3.2. La représentation civile au sens des art. 32 ss CO est une institution qui permet à une personne - le représentant - d'accomplir un acte juridique avec un cocontractant, qui produit effet pour une autre personne - le représenté. C'est donc la volonté exprimée par le représentant, comme ce qu'il savait ou devait savoir, qui sont déterminants pour la conclusion (et le contenu) du contrat avec le cocontractant (ATF 140 III 86 consid. 4.1; arrêts 4A_562/2019 du 10 juillet 2020 consid. 4; 4A_344/2018 du 27 février 2019 consid. 3.1.2). Selon le système des art. 32 ss CO, lorsque le représentant qui conclut le contrat manifeste agir au nom du représenté, celui-ci est lié dans trois cas de figure: (1) lorsque le représenté avait conféré les pouvoirs nécessaires au représentant dans leurs rapports internes (procuration interne; art. 32 al. 1 CO); (2) en l'absence de pouvoirs internes conférés au représentant par le représenté, lorsque le tiers pouvait déduire l'existence de tels pouvoirs du fait du comportement du représenté dans leurs rapports externes (procuration apparente; art. 33 al. 3 CO); et (3) en l'absence de pouvoirs internes conférés au représentant par le représenté, lorsque celui-ci a ratifié le contrat (art. 38 al. 1 CO) (ATF 146 III 37 consid. 7.1; 131 III 511 consid. 3.1; 120 II 197 consid. 2 in initio).

3.3. Pour déterminer si un contrat a été conclu, quels en sont les cocontractants et quel en est le contenu, la volonté des parties est déterminante (art. 18 al. 1 et 19 al. 1 CO). Conformément aux principes généraux dégagés par la jurisprudence, il faut procéder à l'interprétation des manifestations de volonté des parties en deux phases, deux fondements légaux pouvant entrer en jeu, à savoir la réelle et commune intention des parties (art. 18 al. 1 CO), qui a pour fondement ce que les parties ont réellement voulu, et, subsidiairement, le principe de la confiance (art. 1 al. 1 CO en relation avec l'art. 2 CC), qui a pour but la protection de la sécurité des transactions (sur ces principes généraux, cf. ATF 144 III 93 consid. 5.2.2 et 5.2.3; arrêt 4A_342/2023 du 5 juin 2024 consid. 5.1.1).
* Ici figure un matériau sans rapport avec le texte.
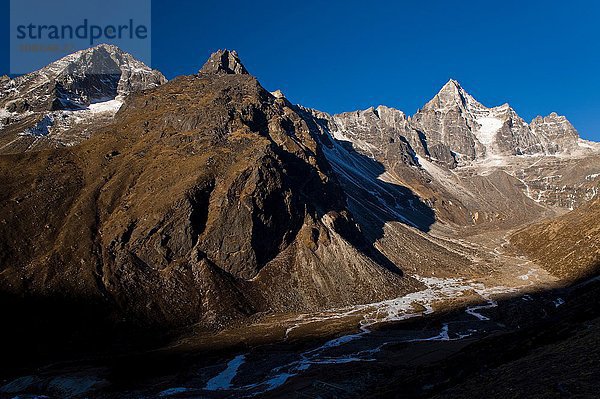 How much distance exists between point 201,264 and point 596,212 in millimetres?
166982

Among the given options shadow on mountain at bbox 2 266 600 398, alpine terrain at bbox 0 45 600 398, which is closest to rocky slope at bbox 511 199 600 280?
alpine terrain at bbox 0 45 600 398

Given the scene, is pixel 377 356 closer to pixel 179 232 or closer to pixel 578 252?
pixel 179 232

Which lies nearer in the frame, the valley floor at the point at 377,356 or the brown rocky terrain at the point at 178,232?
the valley floor at the point at 377,356

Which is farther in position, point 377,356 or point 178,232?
point 178,232

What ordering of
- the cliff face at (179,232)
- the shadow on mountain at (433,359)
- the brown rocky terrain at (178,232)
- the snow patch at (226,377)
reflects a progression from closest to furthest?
the shadow on mountain at (433,359) → the snow patch at (226,377) → the brown rocky terrain at (178,232) → the cliff face at (179,232)

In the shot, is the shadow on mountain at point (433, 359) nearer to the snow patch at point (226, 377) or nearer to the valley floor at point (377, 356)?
the valley floor at point (377, 356)

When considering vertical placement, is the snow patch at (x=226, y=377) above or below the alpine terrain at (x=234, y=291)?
below

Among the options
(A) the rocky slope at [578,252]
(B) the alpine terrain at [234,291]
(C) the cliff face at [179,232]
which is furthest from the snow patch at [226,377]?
(A) the rocky slope at [578,252]

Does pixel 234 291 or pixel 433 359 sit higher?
pixel 234 291

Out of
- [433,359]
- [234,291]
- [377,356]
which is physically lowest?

3.3.1. En premier lieu, le juge doit rechercher la réelle et commune intention des parties conformément à l'art. 18 al. 1 CO, c'est-à-dire leur volonté subjective, le cas échéant, empiriquement sur la base d'indices. Cette interprétation (dite subjective) relève du fait. Pour y procéder, peuvent et doivent être prises en considération toutes les déclarations et attitudes des parties, ainsi que les circonstances antérieures, concomitantes et postérieures à la conclusion du contrat, le comportement ultérieur des parties permettant d'établir quelles étaient à l'époque. les conceptions des parties elles-mêmes (ATF 144 III 93 consid. 5.2.2).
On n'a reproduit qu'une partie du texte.